■ TASK BRIEF ■
Reproduce the records exactly, but not the pictures.

Image-text web data

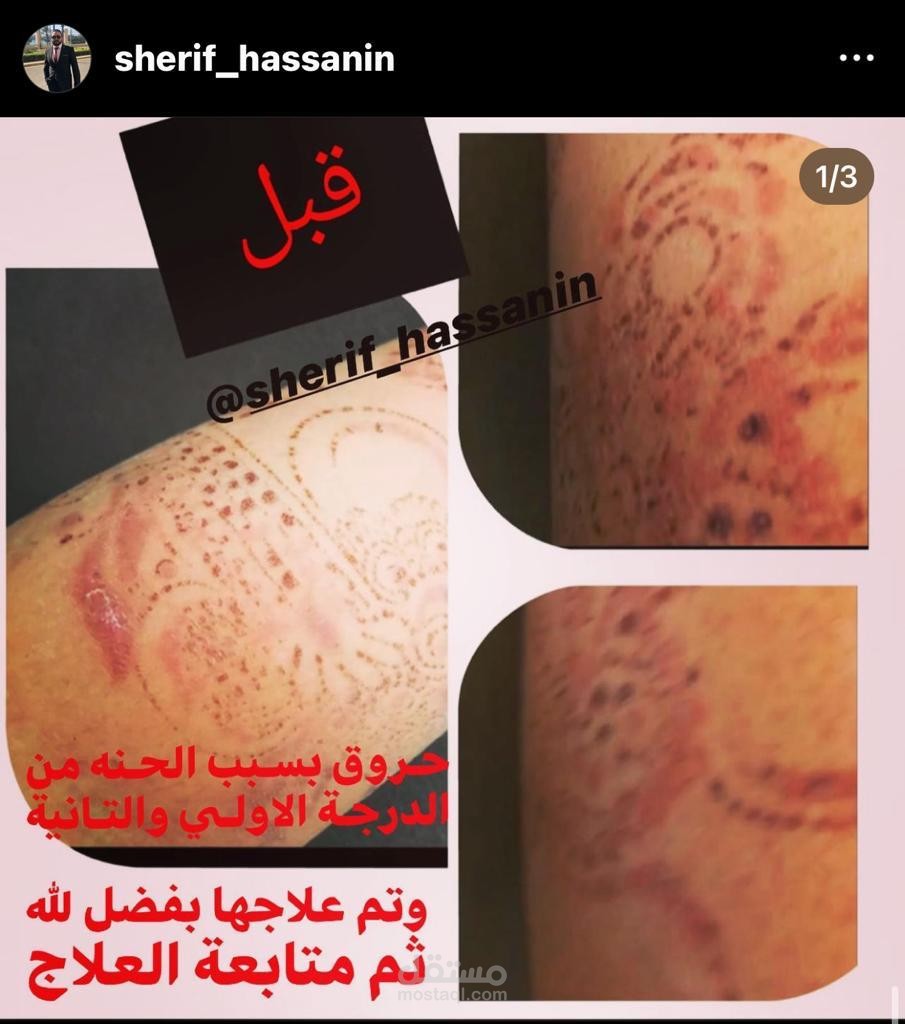 تسويق وتعديل صور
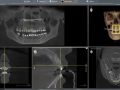 Mobile #8 in Ortho with Lingual Bone Loss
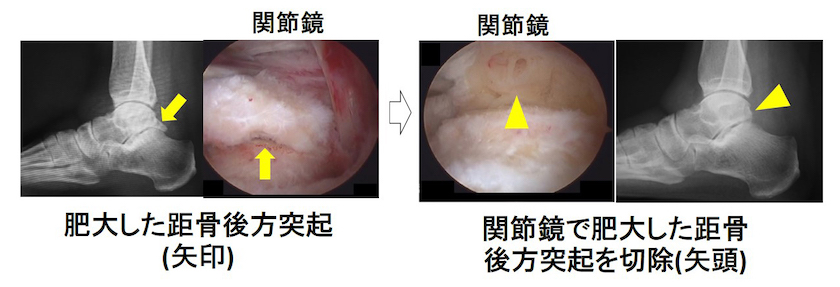 肥大した距骨後方突起（矢印）→関節鏡で肥大した距骨 後方突起を切除（矢頭）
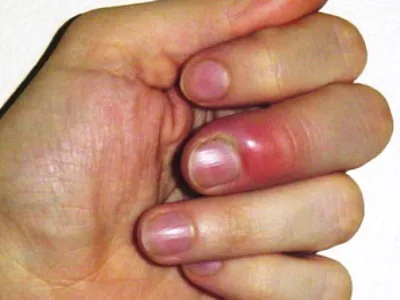 Panarițiu degetul pe un tratament de mână cu terapie tradițională și populară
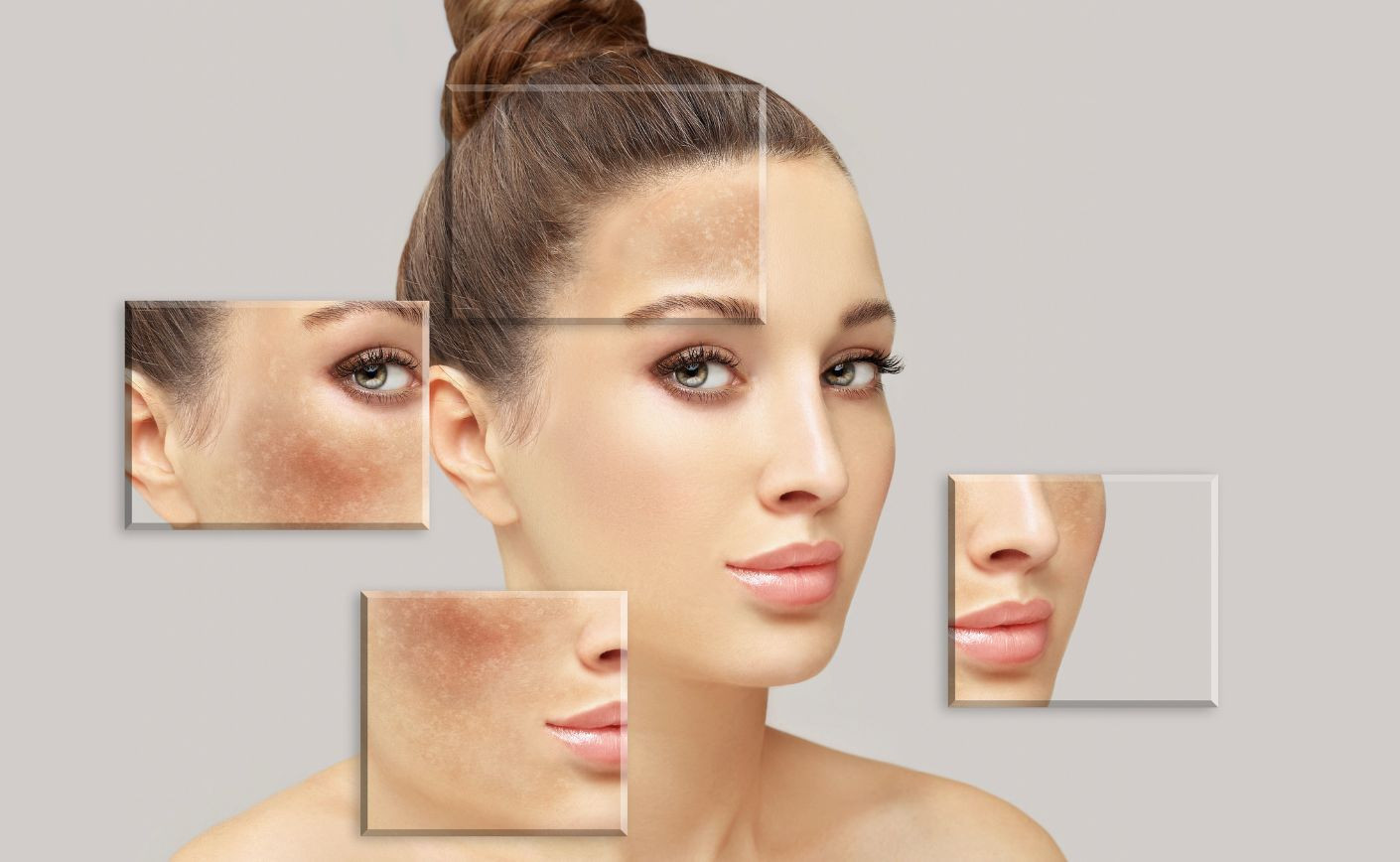 Melasma e cuidados com a pele: Como uma rotina de skincare pode ajudar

■ COMPLETED TASK ■
 تسويق وتعديل صور
 Mobile #8 in Ortho with Lingual Bone Loss
 肥大した距骨後方突起（矢印）→関節鏡で肥大した距骨 後方突起を切除（矢頭）
 Panarițiu degetul pe un tratament de mână cu terapie tradițională și populară
 Melasma e cuidados com a pele: Como uma rotina de skincare pode ajudar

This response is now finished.